Bei der Einführung eines neuen Themas aktivierst du mit Mindmaps das Vorwissen der Schüler*innen. Im Laufe der folgenden Unterrichtseinheiten können neue Informationen schrittweise ergänzt werden. Die übersichtliche Struktur hilft dabei, Gelerntes zusammenzufassen und thematische Querverbindungen herzustellen.

Wenn sich die Schüler*innen aktiv mit einem Thema auseinandersetzen, kann die Erstellung von Plakaten hilfreich sein. Sie unterstützen das Verständnis komplexer Zusammenhänge und ermöglichen eine anschauliche Auseinandersetzung mit dem Thema.

Ausformulieren von Gedanken üben

Um das Sprachbewusstsein zu schärfen und den Ausdruck zu verbessern, sollten Schüler*innen regelmäßig üben, ihre Gedanken strukturiert auszudrücken.

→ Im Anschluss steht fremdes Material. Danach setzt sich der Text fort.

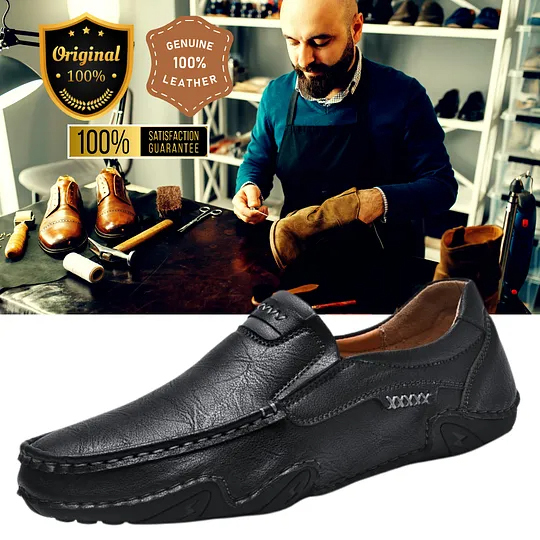 Men's Genuine Leather Slip-On Loafers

  • Mündlich: In Partnerarbeit oder im Austausch mit der ganzen Klasse können Schüler*innen ihre Argumentationen formulieren und reflektieren
  • Schriftlich: Einzelarbeit fördert die eigenständige Auseinandersetzung mit Sprache und stärkt die Schreibkompetenz
  • Gezielte Förderung des sprachlichen Ausdrucks: Zum Beispiel durch Umformulierungsübungen oder das gezielte Einsetzen von Fachbegriffen in Sätzen

Fazit: Sprachsensibler Unterricht nimmt alle Schüler*innen mit

Sprachsensibler Unterricht verbessert die Bildungschancen aller Schüler*innen. Durch gezielte sprachliche Unterstützung können Lernende die Fachsprache sicherer anwenden und Unterrichtsinhalte besser verstehen. So gelingt nicht nur eine tiefere inhaltliche Auseinandersetzung mit dem Lernstoff, sondern auch eine langfristige Förderung sprachlicher Kompetenzen – eine wichtige Grundlage für schulischen und beruflichen Erfolg.

FAQ zu sprachsensiblem Unterricht

Was versteht man unter sprachsensiblem Unterricht?

Sprachsensibler Unterricht verbindet fachliches und sprachliches Lernen, indem er gezielt sprachliche Hürden abbaut und Schüler*innen beim Erwerb der Bildungssprache unterstützt.

Welche Vorteile hat sprachsensibler Unterricht?

Sprachsensibler Unterricht verbessert das Textverständnis, erleichtert die Anwendung von Fachsprache und fördert die aktive Teilnahme am Unterricht. Dadurch haben alle Schüler*innen – unabhängig von ihrer sprachlichen Vorbildung – bessere Bildungschancen.